**How to complete this task**
Using the data that follows, give again word for word the lines between the one holding "TIM-LI Home Multi" and the one holding "Cover of 'Winnie-the-Pooh: The", inclusive. Omit the pictures.

Data records

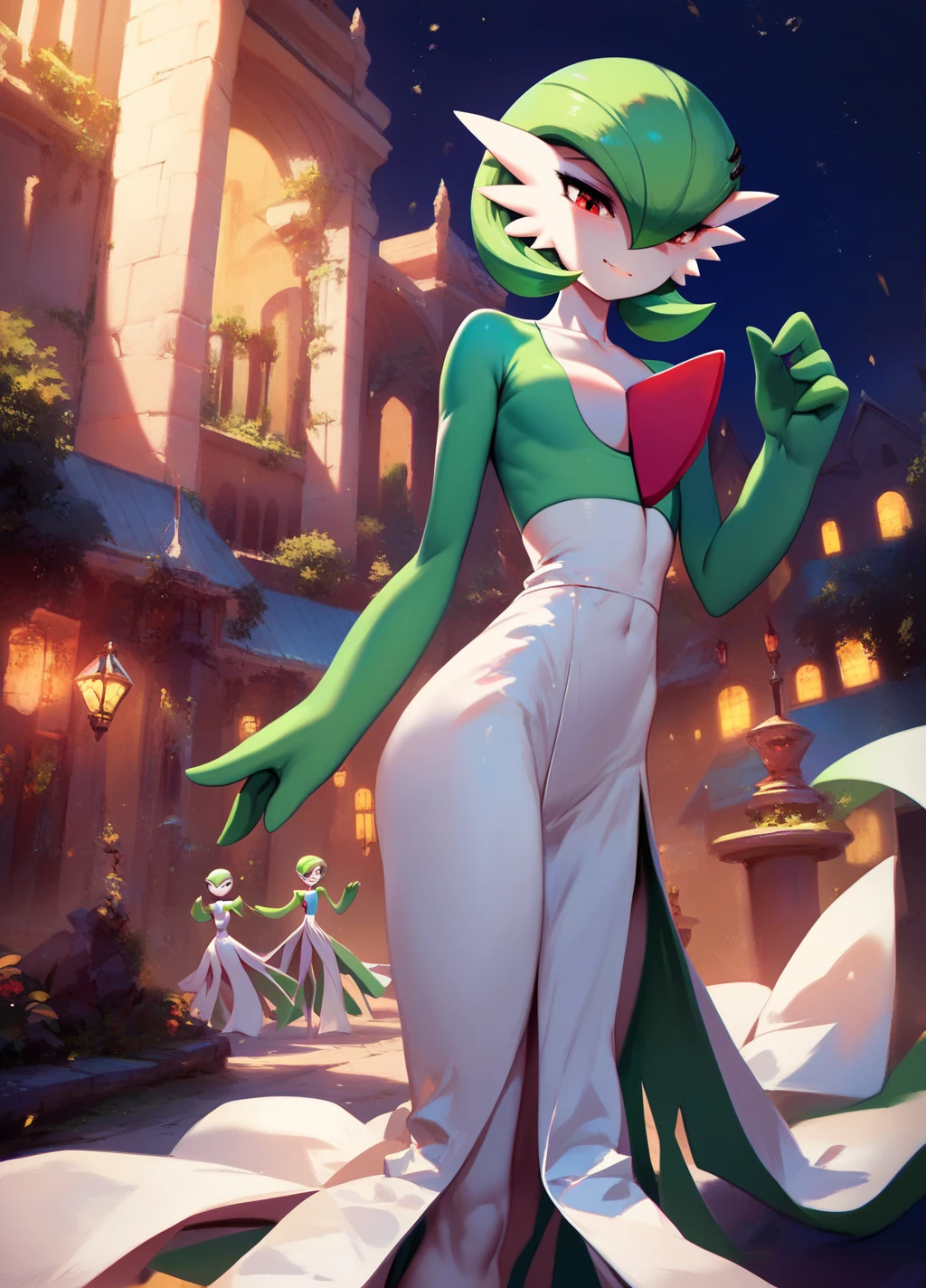 score_9, score_8_up, score_7_up, score_6_up, score_5_up, score_4_up,(8K, best quality, master piece: 1.2),ultra-high resolution, Gardevoir, super detailed skin,masterpiece,best quality,ultra detailed,high resolution,sharp focus, night, lago, epic escenario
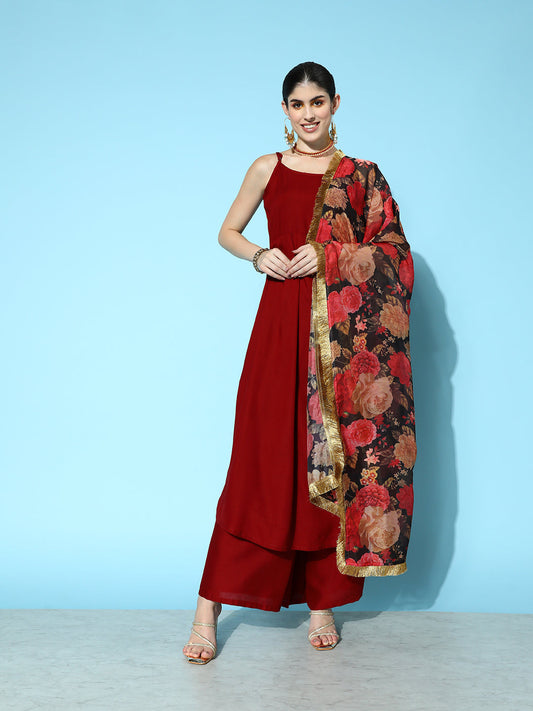 Dhiyona VR Women's Maroon Strap Style A Line Kurta Paired With Tonal Bottom And Contrast Floral Printed Dupatta With Four Sided Fringes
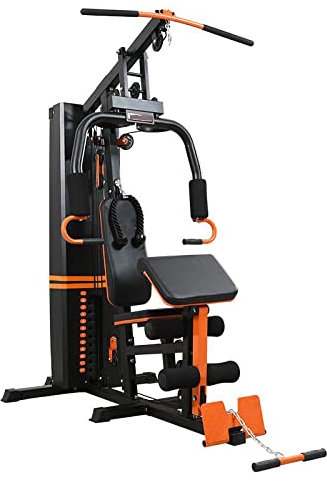 TIM-LI Home Multi Gym Station Cable Machine - 20+ Exercises in 1 Multifunction Workout Station with Pull Up Bar, Leg Extensions - 660LBS Loading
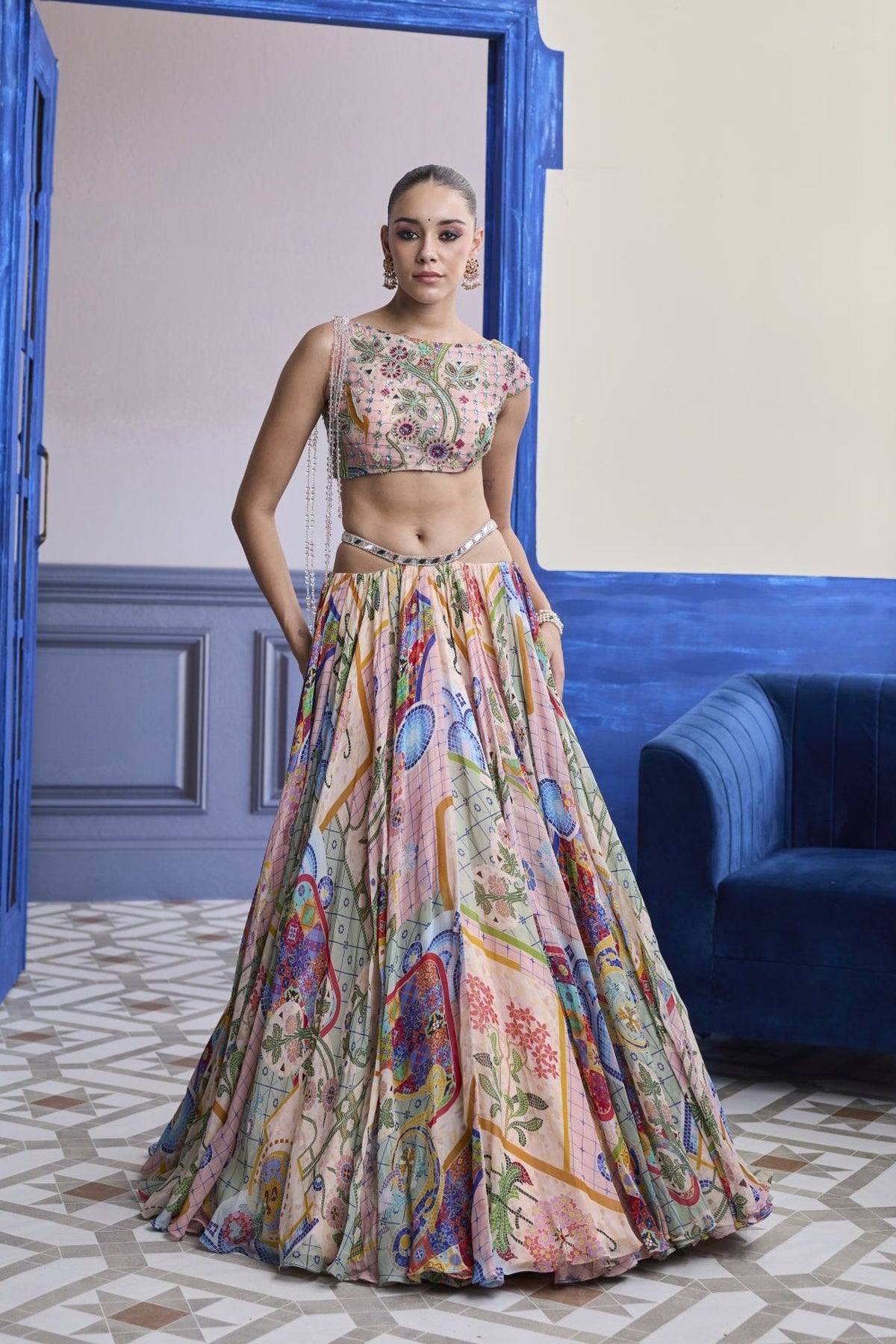 Blush Pink Mosaic Asymmetric Blouse With Tassels & Printed Skirt Set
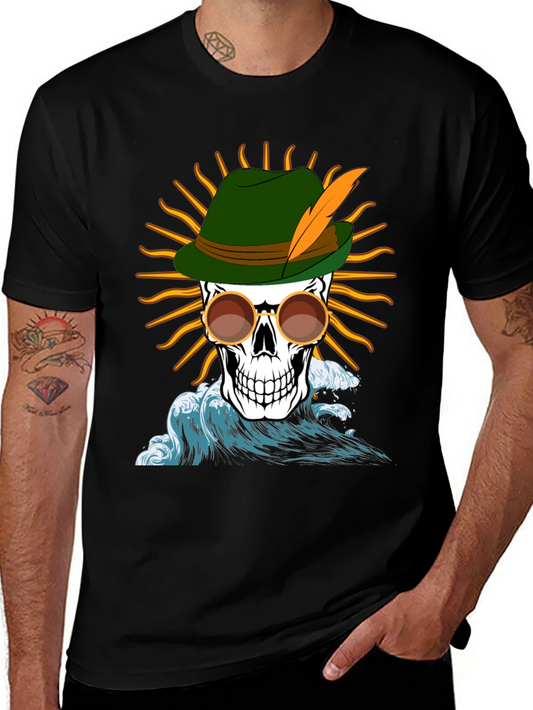 Skull T-Shirt: Bavarian Hat Sun & Waves Graphic Tee
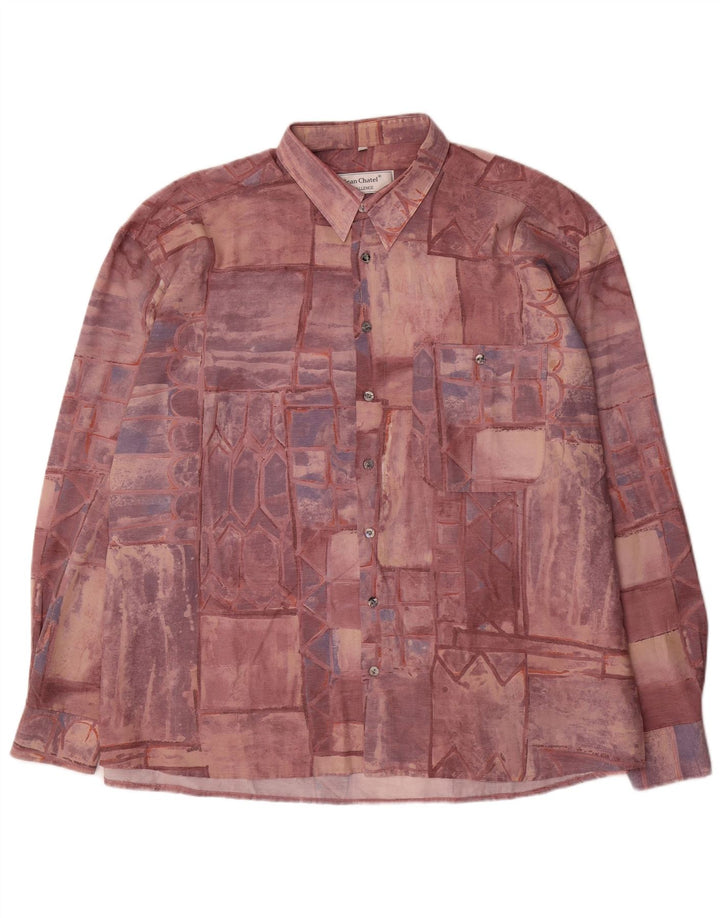 Koszula męska Jean Chatel w rozmiarze 45/46 XL Burgundowa patchworka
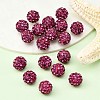 Fuchsia Round Grade A Pave Disco Ball Beads X-RB-H258-8MM-502-4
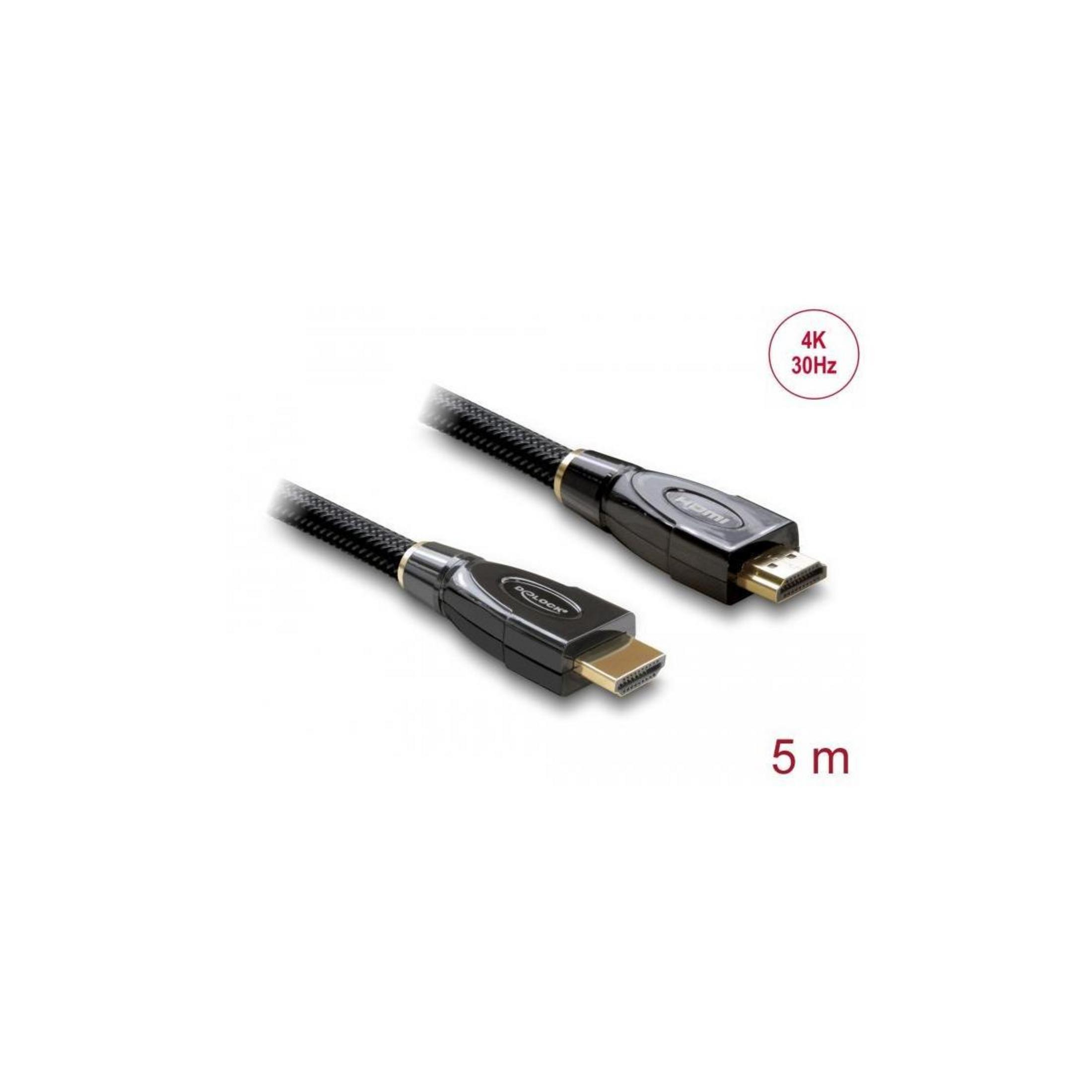 Twee zwarte HDMI-kabels met gouden connectoren, 5m.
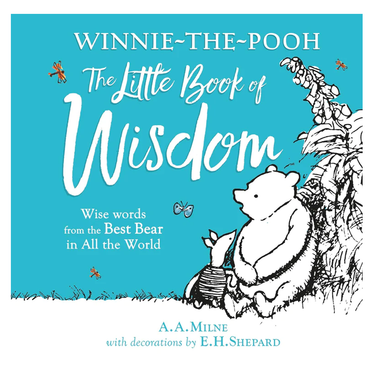 Cover of 'Winnie-the-Pooh: The Little Book of Wisdom' featuring illustrations of Winnie-the-Pooh and a small bear, with a blue background.
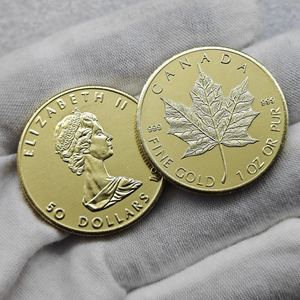 Pièce de monnaie souvenir de collection de 1986, Canada, feuille d'érable, <span class=keywords><strong>Elizabeth</strong></span> II, 50 dollars, 1 once d'or - Product Image 3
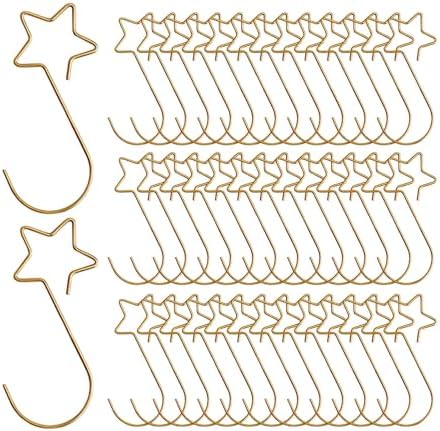 100 Pieces Star Shaped Christmas Ornament Hooks Christmas Tree Hangers Bauble Hooks Hanging Fasteners Made of Metal for Secure Hanging Suitable for Ho, Gold by Unknown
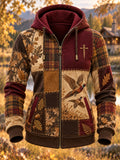 Women's Retro Hunting Culture Art Print Casual Zip-Up Hoodie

**Problem solution**
 TIM-LI Home Multi Gym Station Cable Machine - 20+ Exercises in 1 Multifunction Workout Station with Pull Up Bar, Leg Extensions - 660LBS Loading
 Blush Pink Mosaic Asymmetric Blouse With Tassels & Printed Skirt Set
 Skull T-Shirt: Bavarian Hat Sun & Waves Graphic Tee
 Koszula męska Jean Chatel w rozmiarze 45/46 XL Burgundowa patchworka
 Fuchsia Round Grade A Pave Disco Ball Beads X-RB-H258-8MM-502-4
 Twee zwarte HDMI-kabels met gouden connectoren, 5m.
 Cover of 'Winnie-the-Pooh: The Little Book of Wisdom' featuring illustrations of Winnie-the-Pooh and a small bear, with a blue background.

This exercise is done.